WORK REQUIRED:
Please write out all of the data below exactly, without including the pictures.

___ AVAILABLE DATA ___

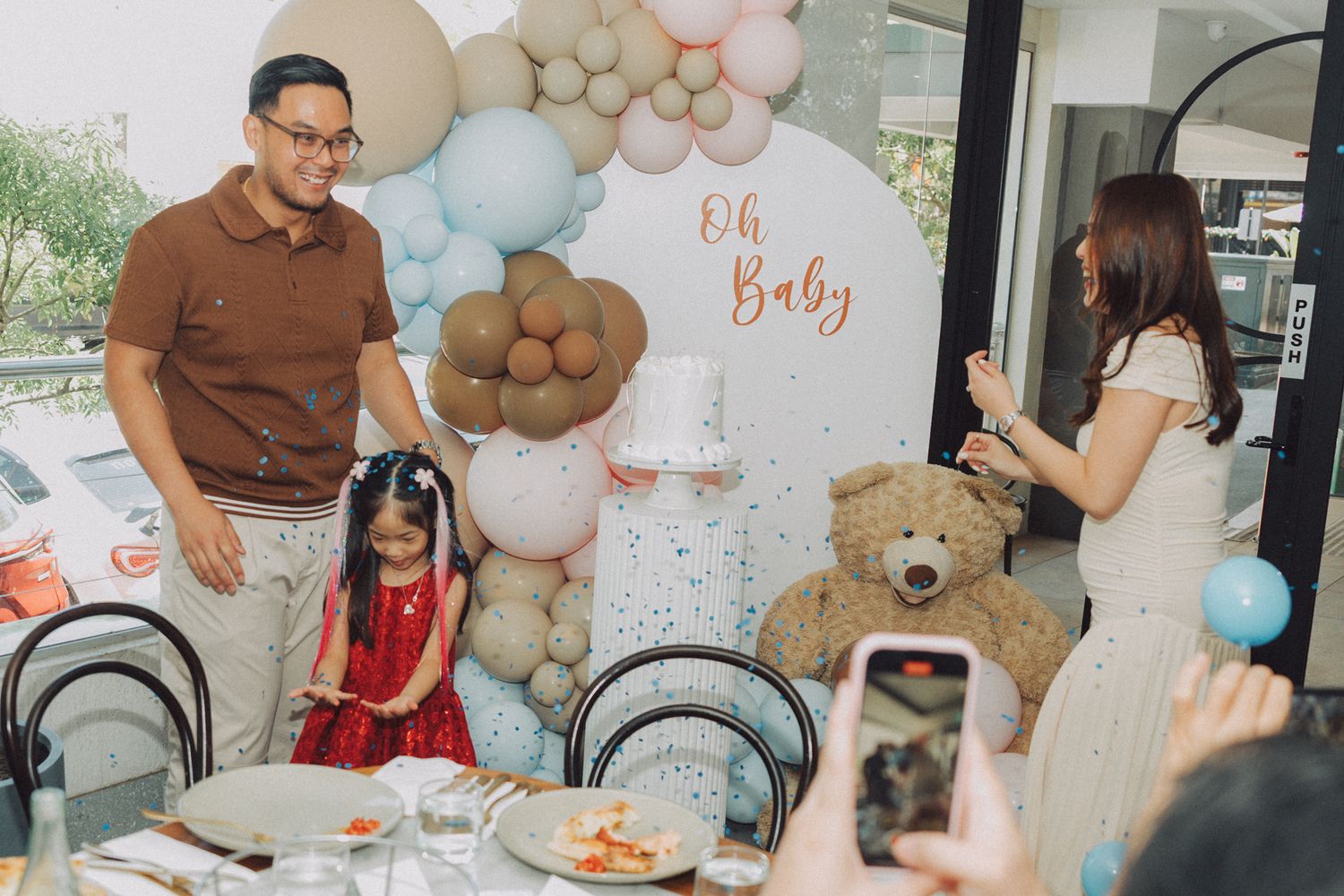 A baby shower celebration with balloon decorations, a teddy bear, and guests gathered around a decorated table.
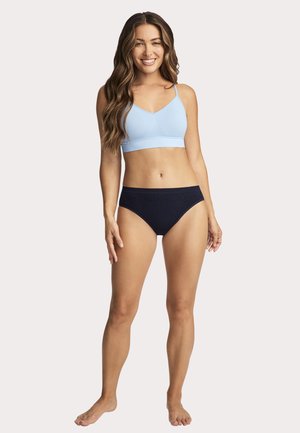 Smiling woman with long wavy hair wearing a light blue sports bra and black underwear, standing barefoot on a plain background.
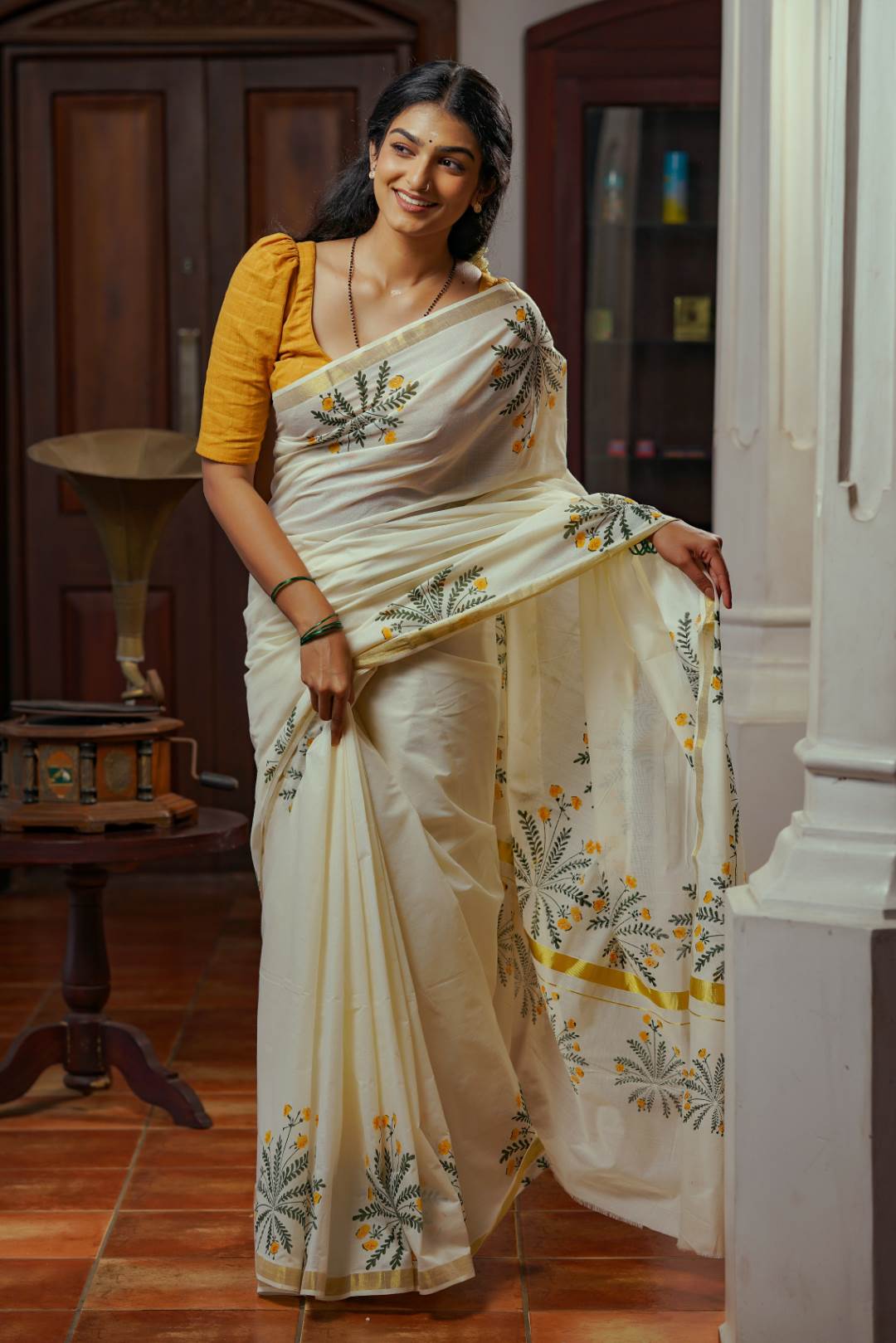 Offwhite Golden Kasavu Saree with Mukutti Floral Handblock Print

___

THE COMPLETED TASK:
 A baby shower celebration with balloon decorations, a teddy bear, and guests gathered around a decorated table.
 Smiling woman with long wavy hair wearing a light blue sports bra and black underwear, standing barefoot on a plain background.
 Offwhite Golden Kasavu Saree with Mukutti Floral Handblock Print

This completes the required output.